Calculate your ideal body weight with Devine, Robinson, Miller, and Hamwi formulas plus the healthy BMI range — shown side by side in kilograms and pounds.

Ideal weight inputs

This calculator is for informational purposes only and is not a substitute for professional medical advice. Consult a qualified healthcare provider before making changes to your diet, exercise, or health regimen.

What is ideal body weight?

Ideal body weight (IBW) is a reference weight for a given height and sex, produced by one of several historical formulas published between 1964 and 1983. None of the formulas were designed as a fitness or beauty target — they were built for clinicians who needed a reasonable weight estimate to calculate drug doses. Because they are simple and sex-specific they drifted into popular use as a rough weight goal. Read them as "a sensible neighbourhood" rather than "the exact right number".

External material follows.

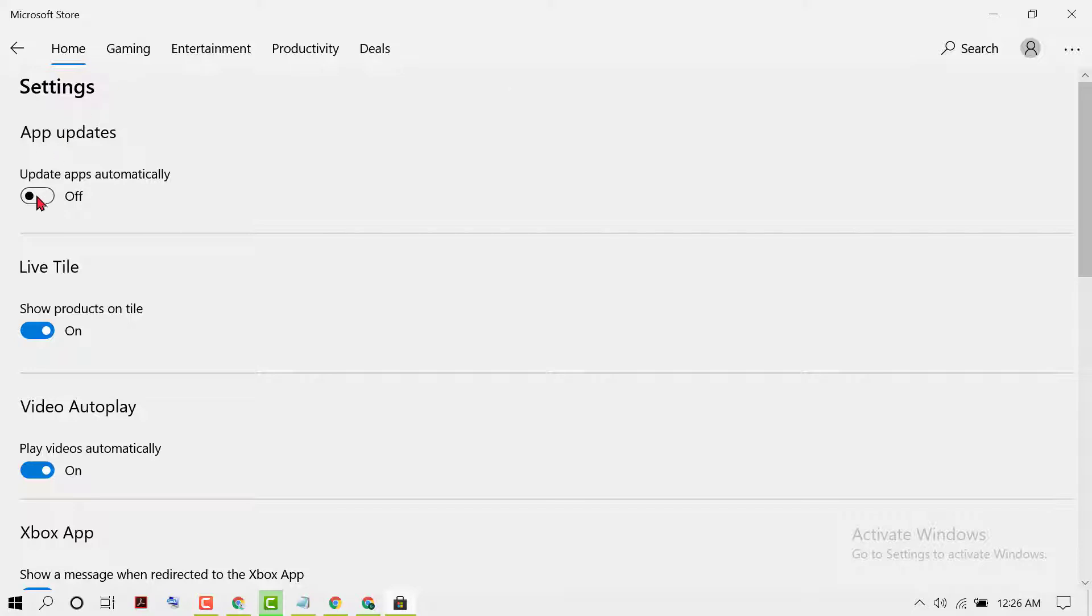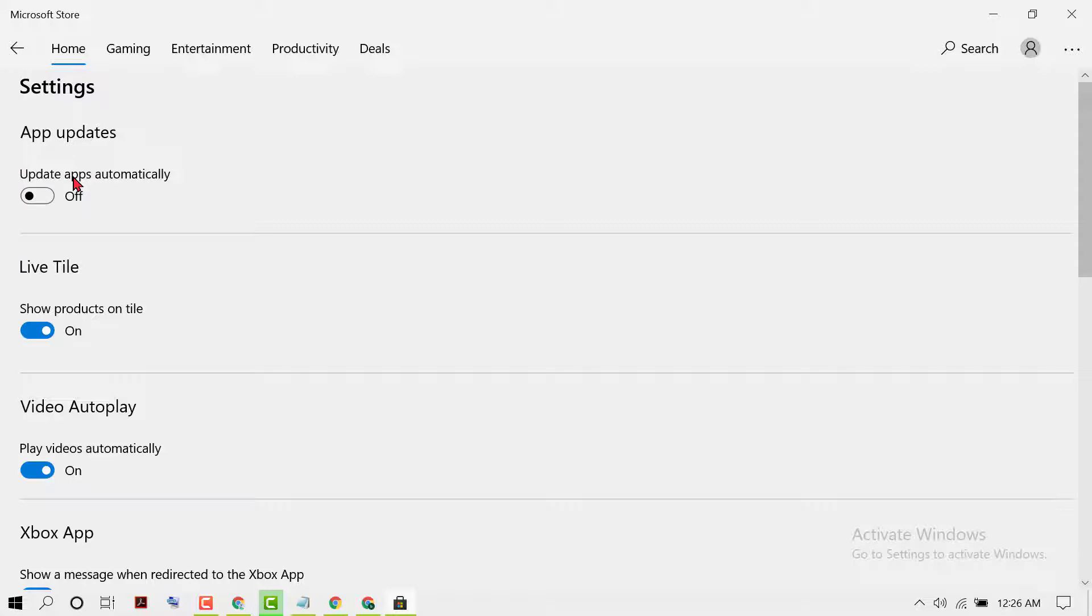Now here you will see the first option, App Updates - Update apps automatically. So to turn on and enable, select it to the On position.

This calculator shows all four classic formulas — Devine, Robinson, Miller, Hamwi — plus the average and the healthy weight range derived from BMI. Together they give you a window of plausible targets rather than pretending there is one correct answer.

How this calculator works

All four formulas share the same structure: a base weight at 5 ft (60 in) of height plus a per-inch increment for every additional inch. They differ only in the base and the increment.

  • Devine (1974): men 50.0 + 2.3 × inches over 5 ft; women 45.5 + 2.3 × inches over 5 ft. Published by Ben Devine in the context of gentamicin dosing.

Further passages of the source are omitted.